Il y a 8 livres autours de mon ordinateur formant la constellation de lectures autour de laquelle s’est organisée cette semaine du 27 janvier au 2 février 2020. De semaine en semaine, je me déplace dans l’Espace navigant de constellation en constellation. Une expérience casse-tête poétique, faire une phrase à peu près logique avec les titres de ces livres sans ajouter ou enlever un seul mot : Seigneur ermite dire, encore mon Emily Dickinson mon année dans la baie de Personne la promenade sous le seuil les pierres du ciel espèces d’espaces. 

Je me suis demandée si Peter Handke avait lu Georges Perec car son année dans la Baie de Personne est vraiment digne de la Tentative d’épuisement d’un lieu parisien, tout dans le regard : « Chaque jour, je ne ferai rien d’autre qu’écrire ce qui se passerait sous mes yeux sur cette place de banlieue et à ses environs ». 
Ouvrir à nouveau ce livre fondateur « Espèces d’espaces » m’a donné la sensation de revenir au point de départ d’une réflexion sur l’écriture et la lecture (2012) comme si j’avais fait un grand tour, que je revenais là, et que j’allais repartir pour un tour dont je ne pouvais savoir à l’avance ni la direction ni la durée. 

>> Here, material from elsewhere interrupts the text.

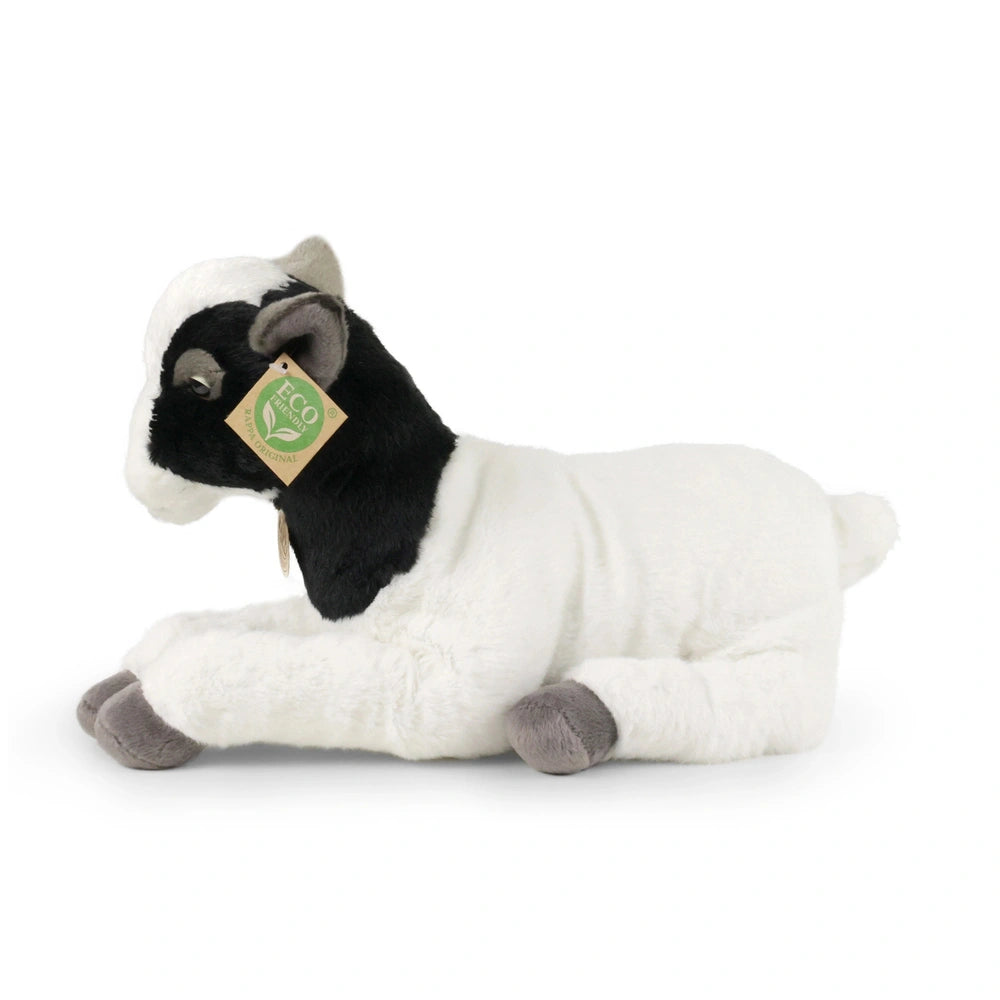 Plush goat stuffed animal in black and white, resting on a light surface with an eco-friendly tag attached to its ear.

Aujourd’hui, pour ceux qui n’auraient pas ce livre dans leurs bibliothèques ou qui n’auraient pas eu l’idée de le relire depuis longtemps, je vous livre la toute dernière page L’espace (suite et fin) :

J’aimerais qu’il existe des lieux stables, immobiles, intangibles, intouchés et presque intouchables, immuables, enracinés ; des lieux qui seraient des références, des points de départs, des sources :

Mon pays natal, le berceau de ma famille, la maison où je serais né, l’arbre que j’aurais vu grandir (que mon père aurait planté le jour de ma naissance), le grenier de mon enfance empli de souvenirs intacts… 

De tels lieux n’existent pas, et c’est parce qu’ils n’existent pas que l’espace devient question, cesse d’être évidence, cesse d’être incorporé, cesse d’être approprié. L’espace est un doute : il me faut sans cesse le marquer, le désigner ; il n’est jamais à moi, il ne m’est jamais donné, il faut que j’en fasse la conquête. 

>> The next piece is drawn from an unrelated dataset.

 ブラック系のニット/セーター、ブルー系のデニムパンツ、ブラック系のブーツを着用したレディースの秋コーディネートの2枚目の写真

Mes espaces sont fragiles : le temps va les user, va les détruire : rien ne ressemblera plus à ce qui était, mes souvenirs trahiront, l’oubli s’infiltrera dans ma mémoire, je regarderai sans les reconnaître quelques photos jaunies aux bords cassés. Il n’y aura plus écrit en lettres de porcelaine blanche collées en arc de cercle sur la glace du petit café de la rue Coquillière : « Ici on consulte le Bottin » et « casse-croûte à toute heure ». 

L’espace fond comme le sable entre les doigts. Le temps l’emporte et ne m’en laisse que des lambeaux informes : 

Ecrire : essayer méticuleusement de retenir quelque chose, de faire survivre quelque chose : arracher quelques bribes au vide qui se creuse, laisser quelque part, un sillon, une trace, une marque ou quelques signes. 

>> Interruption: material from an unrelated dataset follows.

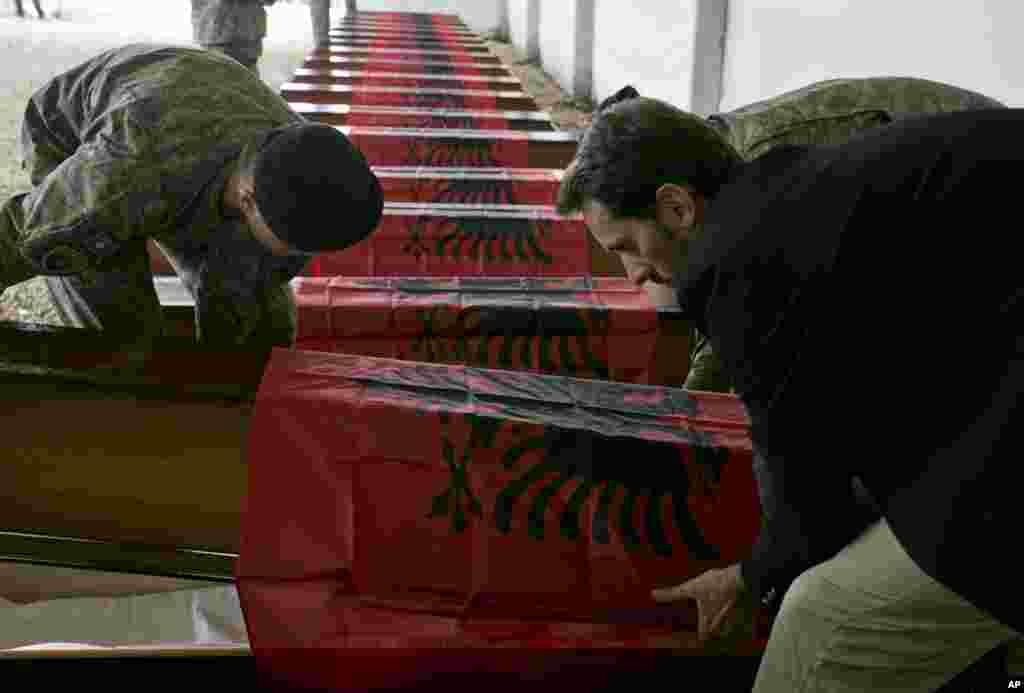Anggota pasukan keamanan Kosovo mengatur peti mati yang berisi jasad 24 orang Kosovo-Albania yang tewas dalam perang tahun 1998-99 dengan Serbia, di desa Merdare, Kosovo. Jasad-jasad tersebut ditemukan di kuburan massal Rudnica di Serbia dan diidentifikasi 15 tahun setelah perang. &nbsp;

C’est reparti pour un tour ! 

Sacha Steurer 




Livres cités 

Agnès Rouzier, Dire, encore, Editions BRULEPOURPOINT, 2016 (réédition d’un livre de 1985) 
Fernando Pessoa, Le livre de l’intranquilité, Christian Bourgeois éditeur, 2004
Peter Handke, A ma fenêtre le matin, Editions Verdier, 2006 
Maurice Blanchot, L’espace littéraire, Editions Gallimard, 1955
Georges Perec, Espèces d’espaces, Editions Galilée 2000 (revue et corrigée à partir de l’édition de 1974)
Peter Handke, Mon année dans la baie de Personne, Editions Gallimard 1997 pour la traduction française. 
Robert Walser, « La Promenade » in Seeland, Editions Zoe Poche, 2005 – Première édition à Zurich, 1920
Basho, Seigneur ermite, l’intégrale des haïkus, Editions Points, 2012 pour la traduction française
Pablo Neruda, Les pierres du ciel, Gallimard, 1972 pour la traduction française
Jean-Louis Giovannoni, Sous le seuil, Editions Unes, 2016
Susan Howe, Mon Emily Dickinson, Editions ypsilon, 2017 pour la traduction française

Il y en qui font des tas de bois, des tas de pierres, d'autres font des tas de livres.